Si fanno le primarie
I candidati più votati dagli iscritti del Partito Democratico si sottopongono quindi a un dibattito e un voto che riguarda tutti gli elettori che si dichiarino simpatizzanti del partito, che durante una giornata possono andare a votare per le cosiddette “primarie” e – pagando due euro, esibendo un documento, registrandosi fornendo i propri dati e firmando una dichiarazione in cui si definiscono simpatizzanti del PD – possono votare per un candidato alla segreteria del partito. A ogni candidatura è affiancata una lista regionale di candidati all’assemblea nazionale.

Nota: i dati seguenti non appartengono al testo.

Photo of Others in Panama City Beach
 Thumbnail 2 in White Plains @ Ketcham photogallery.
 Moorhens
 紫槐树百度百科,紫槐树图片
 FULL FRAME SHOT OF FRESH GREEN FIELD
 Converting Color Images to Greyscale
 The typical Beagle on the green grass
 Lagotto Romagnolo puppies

Alla fine del voto si scrutinano le schede: i membri della nuova assemblea nazionale vengono eletti in modo proporzionale e sulla base dell’ordine di presentazione nella lista. Il nuovo segretario del partito è il candidato che ha ottenuto la maggioranza assoluta dei delegati, cioè la maggioranza assoluta dei voti. Perché si parla di delegati e non di voti? Perché se nessuno dovesse ottenere la maggioranza assoluta, il candidato sarebbe scelto dai delegati all’assemblea nazionale con un ballottaggio a scrutinio segreto tra i due con più delegati.
Altre cose da sapere?
Ce n’è una fondamentale: l’assemblea e la direzione nazionale possono approvare delle deroghe alle regole di cui sopra, cioè quelle previste dallo statuto. Poi. Gli iscritti al PD non devono versare i due euro quando votano per le primarie. Ovviamente è possibile donare anche più di due euro. I candidati alla segreteria del PD non possono pubblicare messaggi pubblicitari a pagamento sui mezzi di comunicazione (radio, tv, giornali, internet). Possono affiggere manifesti – non più grandi di 70×100 – e organizzare eventi. Non possono spendere più di 250.000 euro e devono rendicontare tutte le spese, che devono essere relative alla campagna elettorale e alla propaganda. Le spese di viaggio e per l’affitto di locali non possono superare il 30 per cento dell’ammontare complessivo. Il mandato del segretario del PD dura quattro anni.
I risultati delle primarie fin qui
2007 – partecipanti dichiarati dal PD: 3.554.169
1. Walter Veltroni 75,8%
2. Rosy Bindi 12,8%
3. Enrico Letta 11%
4. Mario Adinolfi 0,1%
5. Pier Giorgio Gawronski 0,07%
2009 – partecipanti dichiarati dal PD: 3.067.821
1. Pier Luigi Bersani 53,2%
2. Dario Franceschini 34,2%
3. Ignazio Marino 12,5%
2013 – partecipanti dichiarati dal PD: 2.814.881
1. Matteo Renzi 67,5%
2. Gianni Cuperlo 18,2%
3. Pippo Civati 14,2%
2017 – partecipanti dichiarati dal PD: 1.838.938
1. Matteo Renzi 69,1%
2. Andrea Orlando 19,9%
3. Michele Emiliano 10,8%
Il PD ha avuto anche due segretari reggenti: Dario Franceschini, subentrato dopo le dimissioni di Walter Veltroni fino alle successive primarie, e Guglielmo Epifani, subentrato dopo le dimissioni di Pier Luigi Bersani fino alle successive primarie.